• **DATASET EXCERPT**:
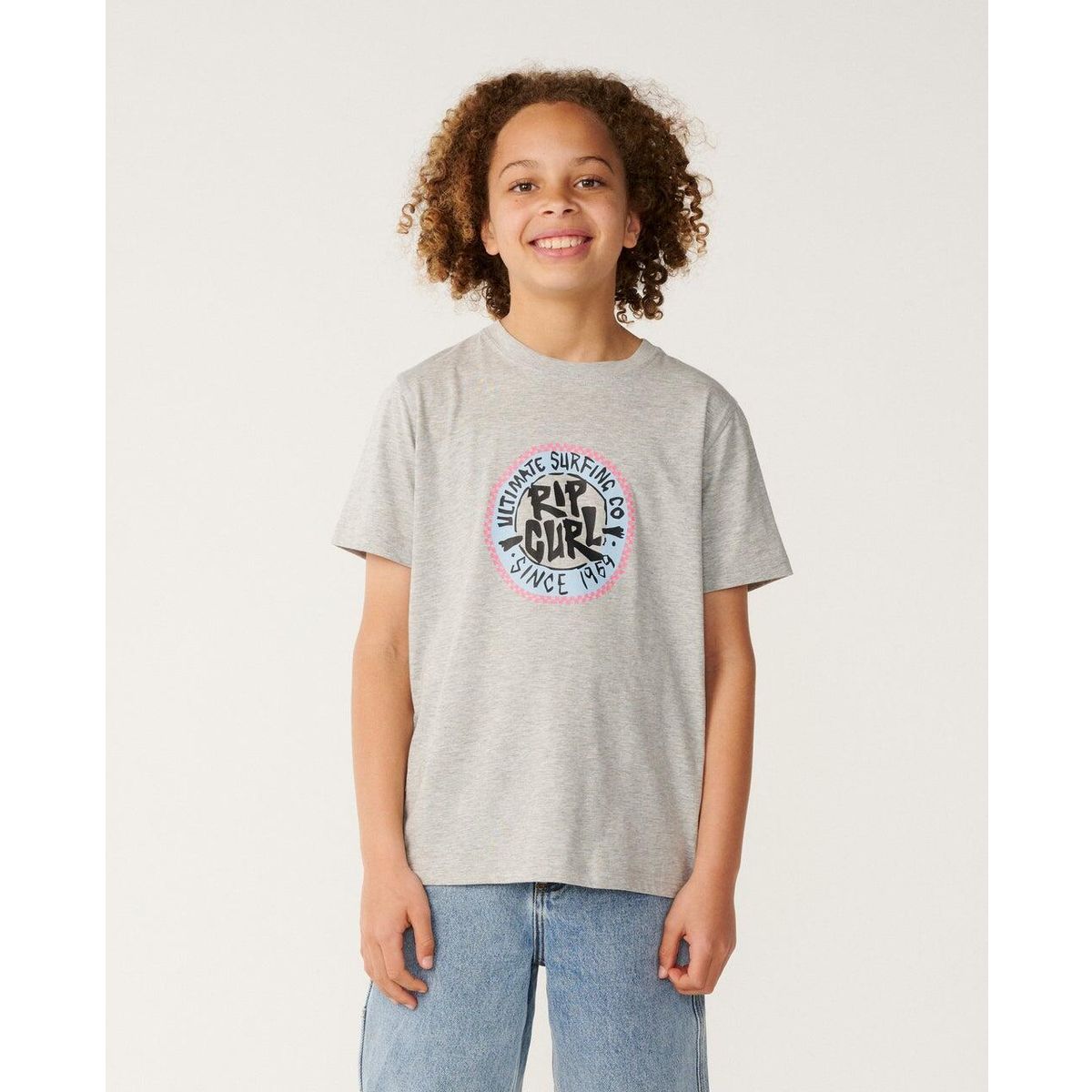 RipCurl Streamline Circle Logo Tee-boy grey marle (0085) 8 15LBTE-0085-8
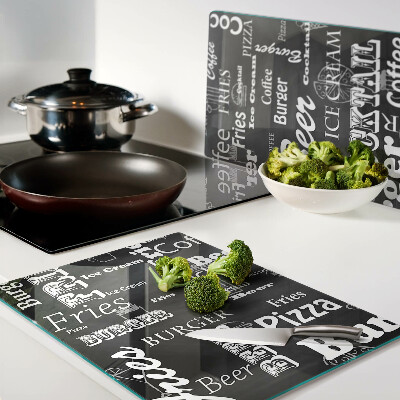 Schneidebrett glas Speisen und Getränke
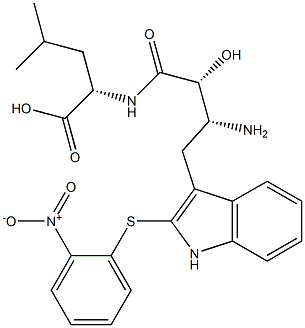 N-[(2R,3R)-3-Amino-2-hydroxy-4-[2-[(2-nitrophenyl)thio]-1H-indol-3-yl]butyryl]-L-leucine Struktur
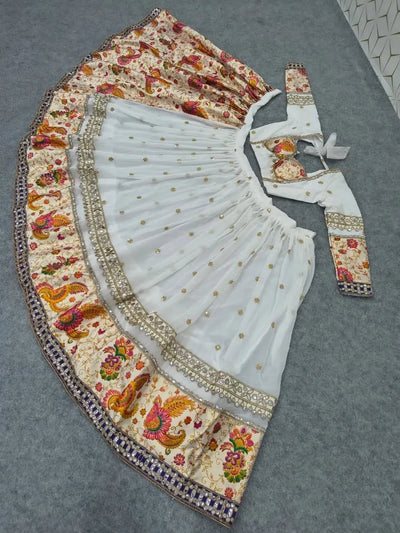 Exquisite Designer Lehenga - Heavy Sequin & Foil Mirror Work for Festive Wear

• **TASK BRIEF**:
Copy out the material above in full and exactly, but with no pictures.

• **RESPONSE TO THIS EXERCISE**:
 RipCurl Streamline Circle Logo Tee-boy grey marle (0085) 8 15LBTE-0085-8
 Schneidebrett glas Speisen und Getränke
 N-[(2R,3R)-3-Amino-2-hydroxy-4-[2-[(2-nitrophenyl)thio]-1H-indol-3-yl]butyryl]-L-leucine Struktur
 Exquisite Designer Lehenga - Heavy Sequin & Foil Mirror Work for Festive Wear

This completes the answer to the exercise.